Aim of the task: Go to the line below containing "Slim stretch chinos" and print exactly from there through the line containing "Wingback Chair Natural", both included. Print nothing else.

Input for this task:
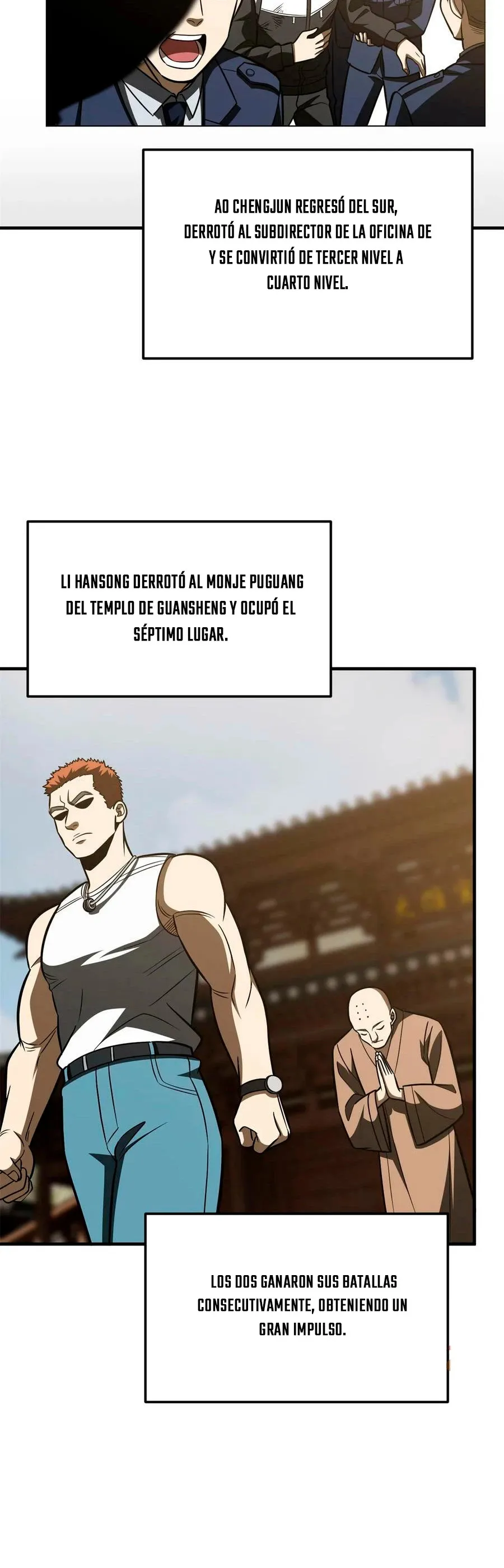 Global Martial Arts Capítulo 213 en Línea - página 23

---

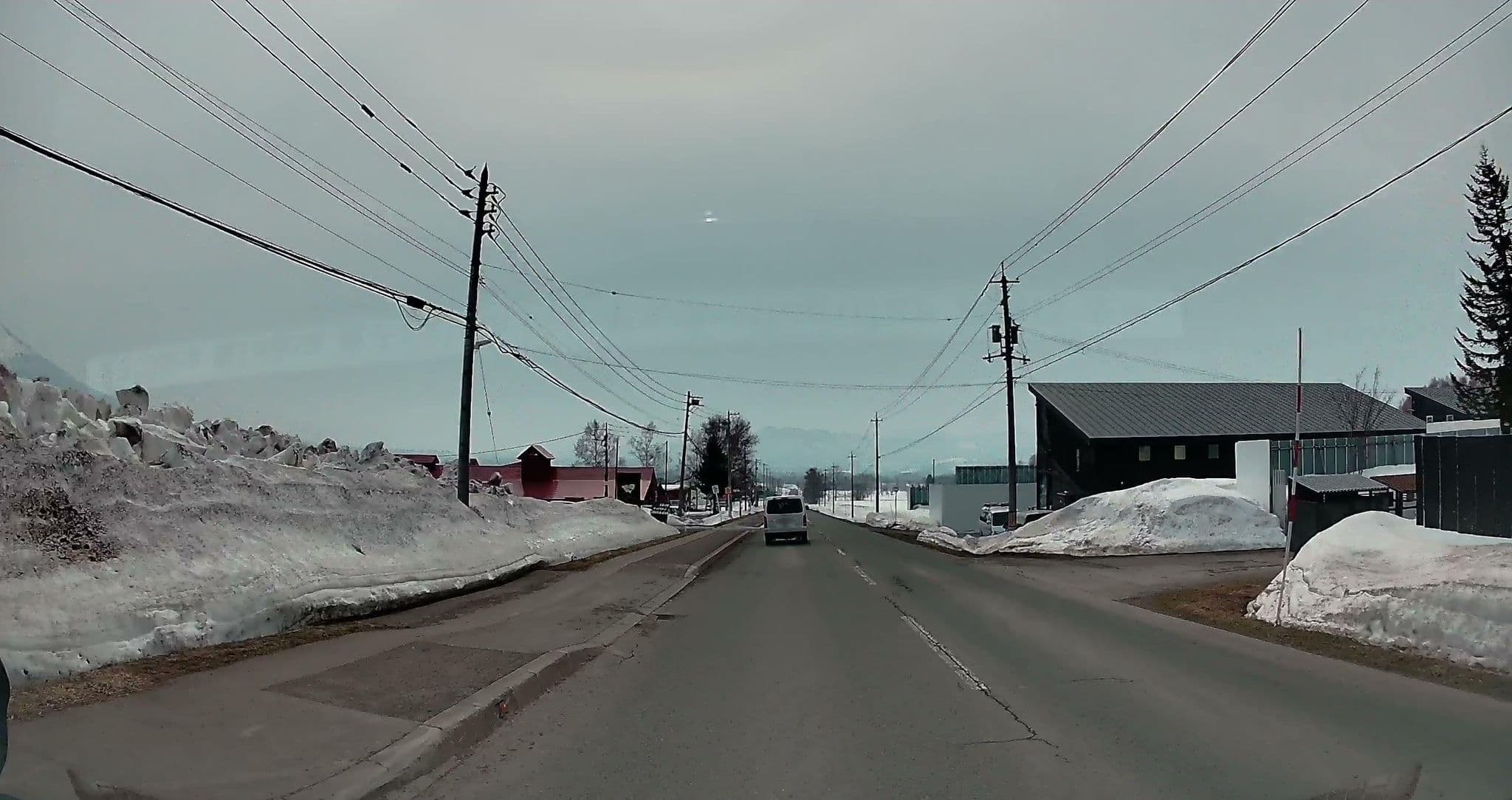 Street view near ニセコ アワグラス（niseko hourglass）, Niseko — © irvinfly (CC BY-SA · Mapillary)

* * *

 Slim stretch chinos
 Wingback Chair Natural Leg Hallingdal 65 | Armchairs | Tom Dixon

Written response:
 Slim stretch chinos
 Wingback Chair Natural Leg Hallingdal 65 | Armchairs | Tom Dixon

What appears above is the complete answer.